**Problem to work on**
Copy the records below word for word, from the first line through the line that contains "6228 BRILLO LUNA Street", and leave out any pictures.

**Caption-style text data**
....
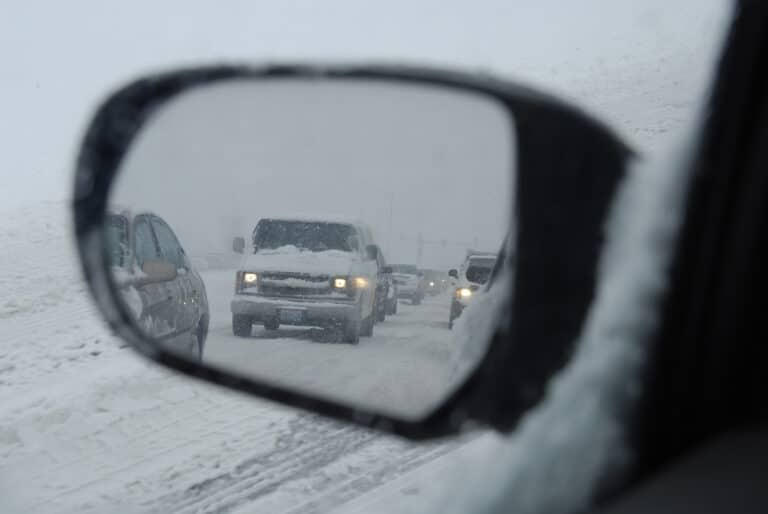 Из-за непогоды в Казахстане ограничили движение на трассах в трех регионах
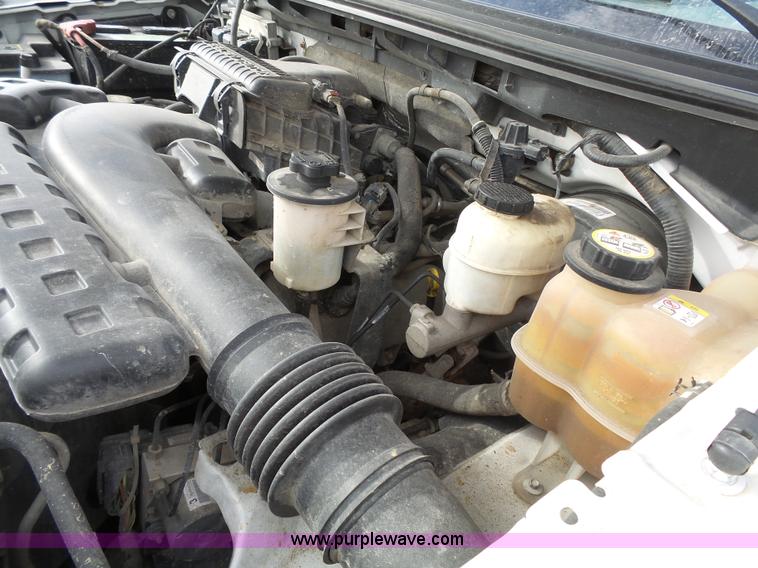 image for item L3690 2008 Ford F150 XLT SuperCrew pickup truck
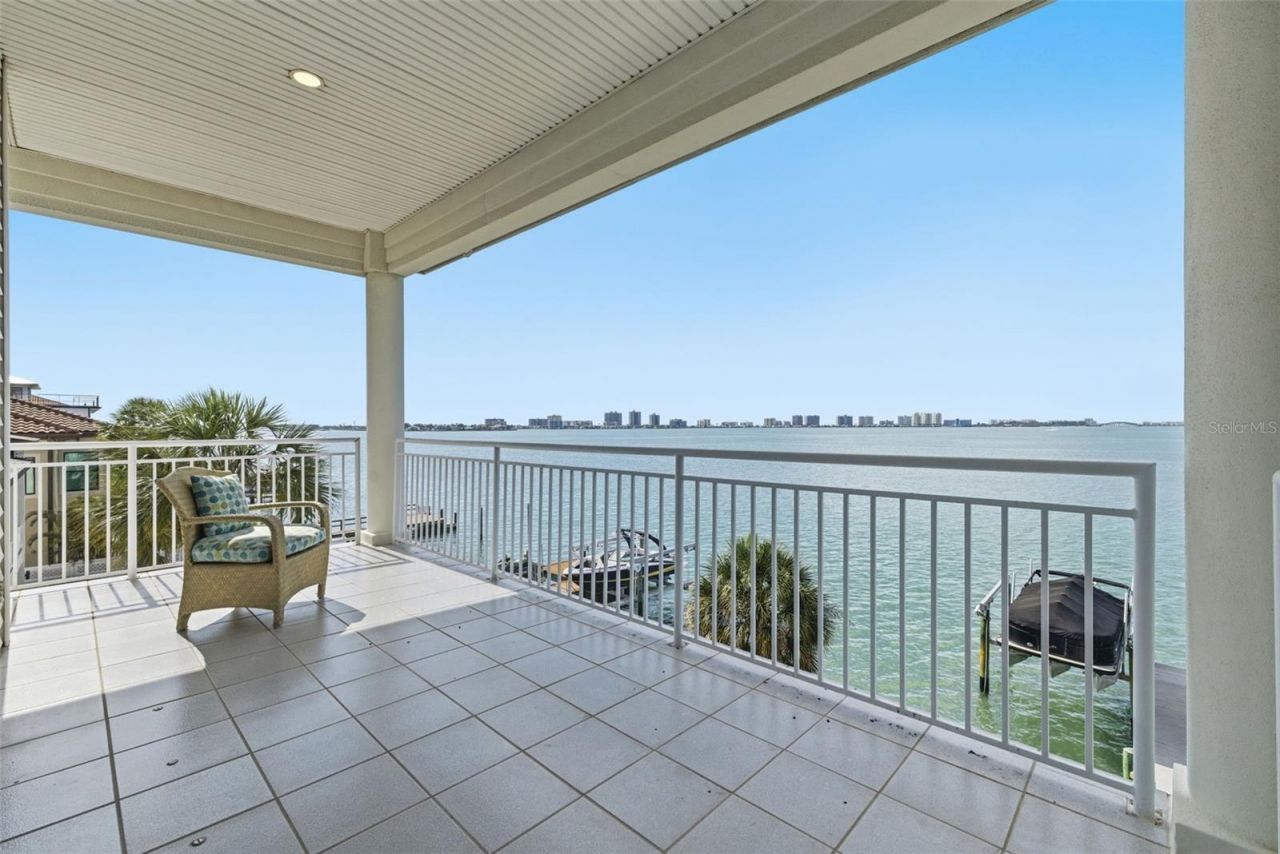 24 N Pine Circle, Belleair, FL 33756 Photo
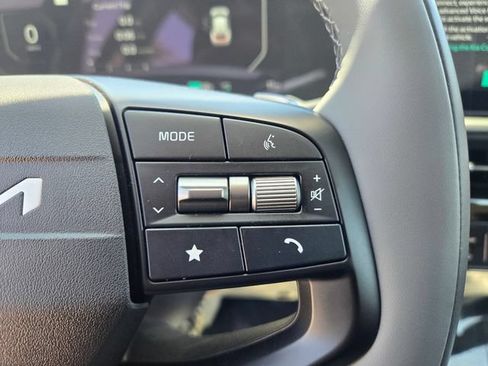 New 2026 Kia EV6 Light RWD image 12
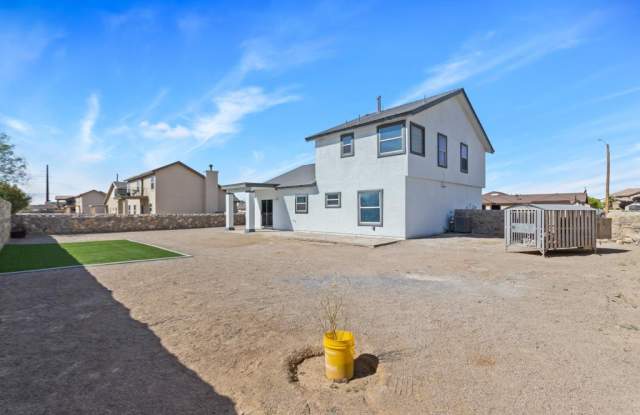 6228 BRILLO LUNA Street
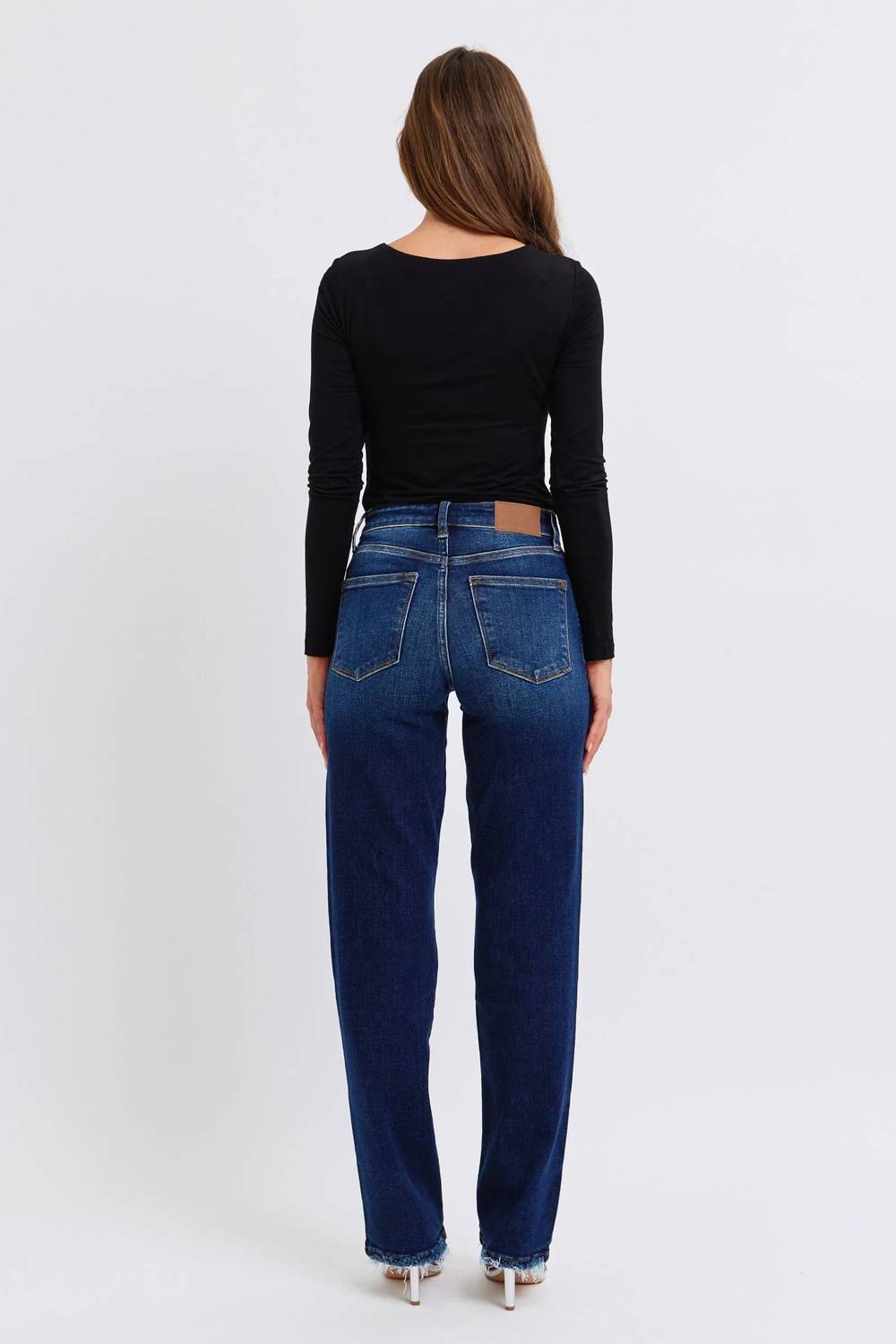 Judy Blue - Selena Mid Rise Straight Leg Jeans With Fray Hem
....
**Output below**
 Из-за непогоды в Казахстане ограничили движение на трассах в трех регионах
 image for item L3690 2008 Ford F150 XLT SuperCrew pickup truck
 24 N Pine Circle, Belleair, FL 33756 Photo
 New 2026 Kia EV6 Light RWD image 12
 6228 BRILLO LUNA Street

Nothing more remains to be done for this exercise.